Jan
17
(2006)
New DOM/CSS Inspector in Safari
Filed under: Uncategorized. Tags: developmenttools, safari.
Dave Hyatt Tim Hatcher announced last night that the latest nightly builds of Safari now include a new tool for web developers to view DOM and CSS elements/attributes on a web page. I tried it last night, and it’s excellent – even better than the one built into Firefox. You just right-click anywhere on a page, and a contextual menu item will let you “Inspect Element”. This is perhaps more intuitive than Firefox’s “enter a new mode, then click somewhere on the inspected page” method of visually selecting an element to inspect.

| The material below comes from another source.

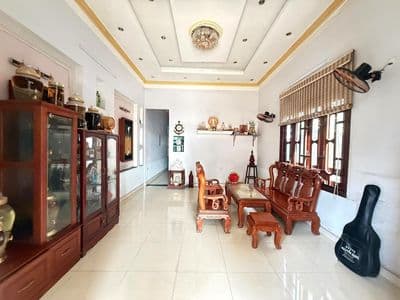 Nhà 3 Ngủ Lái Thiêu, Bình Dương - 175m² - 4.1 Tỷ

Here’s a screenshot of the fancy new inspector, being used to debug a CSS problem I was having with the text in the header of my blog:

Update: I spaced on the author of the post. I guess I still think of the WebKit blog as Dave’s old Surfin’ Safari blog. It ain’t, and there are multiple authors on the new WebKit blog. Oops.


Doh! Thanks for the correction, Mark! I was still thinking of the WebKit blog as Surfin’ Safari, which was All Dave, All The Time. But of course that isn’t the case on the new WebKit project blog. My bad. I’ve corrected the post for the sake of Google.
A slight correction — the post about the Web Inspector was by Tim Hatcher, also known as “xenon”. He’s a relatively new member of the WebKit/Safari team at Apple and was responsible for most of the implementation of the new Web Inspector feature.